Background: Studies aimed at elucidating the pathophysiology of obesity consistently describe it as a highly heterogeneous disorder at both clinical and molecular level. Despite rare monogenic forms and several regions of susceptibility have been defined, the genetic causes underlying the disease remain largely unknown.

Objective and hypotheses: We aimed to identify novel genetic abnormalities in a cohort of Spanish children with severe non-syndromic early-onset obesity (EOO).

Method: We obtained molecular karyotypes of 157 children with EOO. Large and rare CNVs were validated and segregated in the family. Results were replicated by MLPA in 323 EOO children and 480 controls. Additionally, 26 candidate genes (CNV-related or previously associated with EOO) were studied in both cohorts (480 subjects in each) by Next Generation Sequencing (NGS) using a pooled DNA strategy.

Results: A higher burden of duplication-type CNVs was detected in EOO patients versus controls (OR =1.85, P-value =0.008). Likely pathogenic CNVs included duplications of glutamate receptors (GRIK1, GRM7), the X-linked gastrin-releasing peptide receptor (GRPR) and the NPY genes. By NGS focusing the analysis on rare variants, we identified a missense mutation in NPY, a nonsense mutation in GRIK1, and 5 missense mutations in GRPR in EOO cases, but no mutations in controls.

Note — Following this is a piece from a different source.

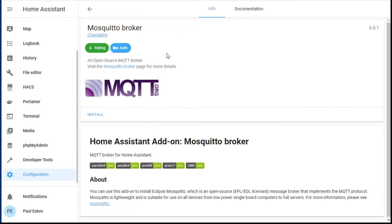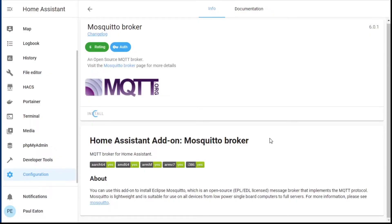So I click on it. What do I need to do? Click the install button. Just wait. The instructions are right here as well. And it's installed.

In addition, a significantly higher burden of point mutations was also identified in candidate genes, remarkably MC4R, SIM1, FTO, BDNF NEGR1, PPARG and MC3R; we identified 30 rare variants in patients and 5 in controls (P=0.0001). The difference in the incidence of probable pathogenic variants (15 in patients vs 1 in controls) was also significant (P=0.0005).

Conclusion: Genetic variants highly contributing to the phenotype were identified in up to 12% of patients. Our data reinforce the role of the proopiomelanocortin pathway in the pathophysiology of EOO and bring to light genes that may carry highly penetrant obesogenic allele variants, like PPARG, BDNF, NPY or GRPR.